Dictionaries

Gukhanmun looks up hanja readings from one or more HanjaDictionary implementations. The gukhanmun crate ships with FST and CDB backends and a bundled Standard Korean Dictionary.

Using the bundled dictionary

The bundled dictionary is included automatically when the stdict feature is enabled (the default). To disable it:

let converter = Builder::with_preset(Preset::KoKr)
    .no_bundled_stdict()
    .build()?;

To re-enable it explicitly after calling no_bundled_stdict:

builder.bundled_stdict();

Loading a dictionary from a file

Requires the fst or cdb feature.

use gukhanmun::FstDictionary;  // or CdbDictionary

let dict = FstDictionary::open("custom.gukfst")?;
let converter = Builder::with_preset(Preset::KoKr)
    .push_dictionary(dict)
    .build()?;

Dictionaries added with push_dictionary are consulted before the bundled dictionary. The first match across the chain wins.
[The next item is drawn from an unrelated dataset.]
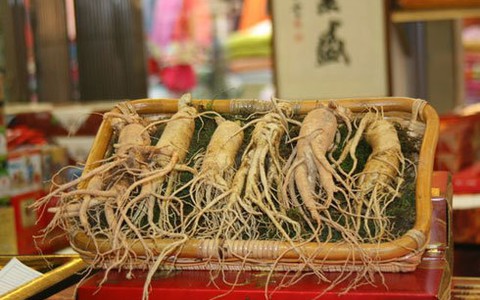 Phát hiện sản phẩm nhân sâm... không có sâm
Zero-copy static dictionaries

Embed a dictionary directly in your binary with include_bytes! and load it without any file I/O:

use gukhanmun::FstDictionary;

static MY_DICT: &[u8] = include_bytes!("../data/custom.gukfst");

let dict = FstDictionary::from_static_bytes(MY_DICT)?;

from_static_bytes does not copy the data; it creates a zero-copy view backed by the static slice.

Loading from owned bytes

When the bytes come from a runtime source (network, database, etc.) wrap them in an Arc<[u8]>:

use std::sync::Arc;
use gukhanmun::CdbDictionary;

let bytes: Vec<u8> = std::fs::read("custom.gukcdb")?;
let dict = CdbDictionary::from_bytes(Arc::from(bytes.as_slice()))?;

Chaining multiple dictionaries

ChainDictionary lets you compose several dictionaries with explicit priority ordering. The first dictionary in the chain that has a match wins:

use gukhanmun::{ChainDictionary, FstDictionary, CdbDictionary};

let domain_dict = FstDictionary::open("legal.gukfst")?;
let names_dict = CdbDictionary::open("names.gukcdb")?;
let chain = ChainDictionary::new(vec![
    Box::new(domain_dict),
    Box::new(names_dict),
]);

let converter = Builder::with_preset(Preset::KoKr)
    .no_bundled_stdict()
    .push_boxed_dictionary(Box::new(chain))
    .build()?;

Alternatively, call push_dictionary multiple times; dictionaries are probed in the order they were pushed, before the bundled dictionary.